─── INPUT MATERIAL ───

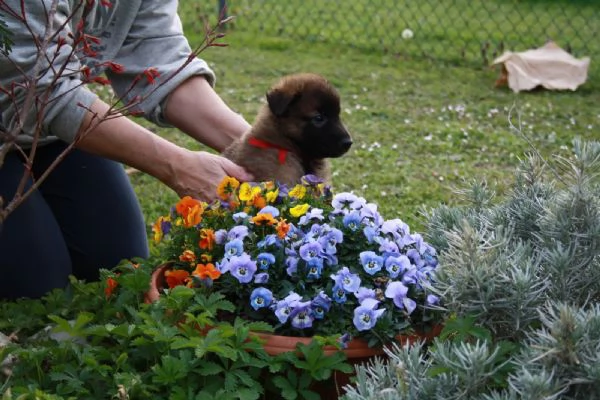 Cuccioli di pastore belga tervueren disponibili per adozione  | Foto 1
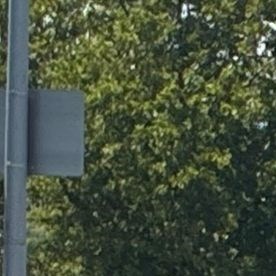 Grupos de danza folklórica,  carrozas,  y convoyes de autos decorados engalanaron la fiesta.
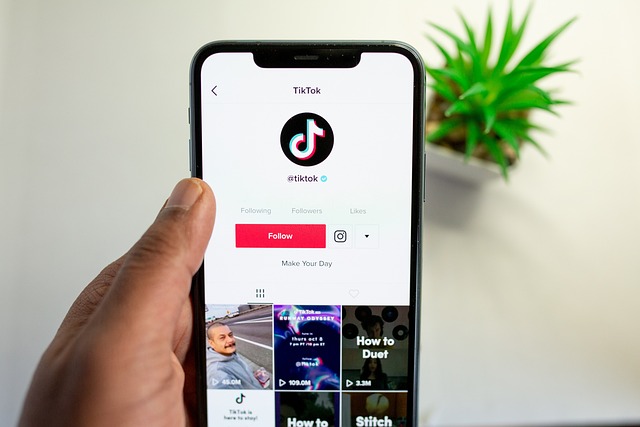 Un clujean este cercetat sub control judiciar pentru instigare publică, după ce a postat pe rețeaua de socializare TikTok un mesaj prin care îndemna publicul să participe la proteste violente | Foto: pixabay.com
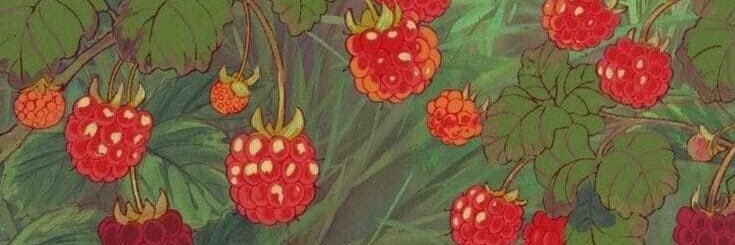 TheEllisIsland's profile banner image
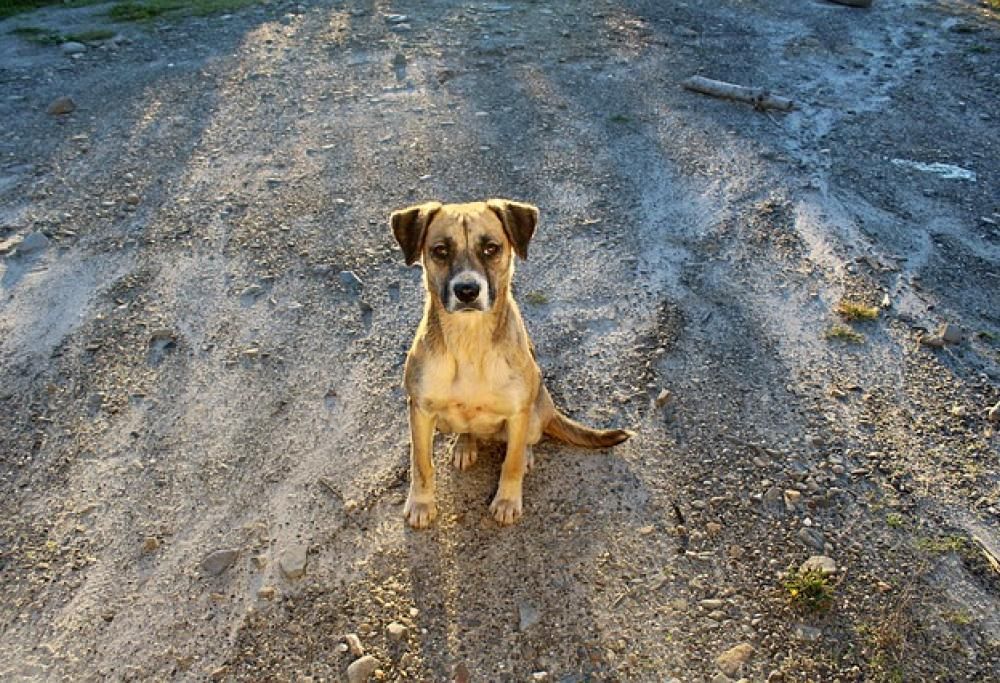 La scomparsa del cane: l’incubo peggiore
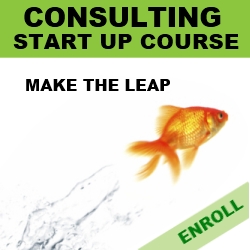 Consulting Start-up Course - Become a Consultant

───

[TASK DIRECTIONS] Copy out the records exactly. Do not include the pictures.

[EXERCISE SOLUTION]
 Cuccioli di pastore belga tervueren disponibili per adozione  | Foto 1
 Grupos de danza folklórica,  carrozas,  y convoyes de autos decorados engalanaron la fiesta.
 Un clujean este cercetat sub control judiciar pentru instigare publică, după ce a postat pe rețeaua de socializare TikTok un mesaj prin care îndemna publicul să participe la proteste violente | Foto: pixabay.com
 TheEllisIsland's profile banner image
 La scomparsa del cane: l’incubo peggiore
 Consulting Start-up Course - Become a Consultant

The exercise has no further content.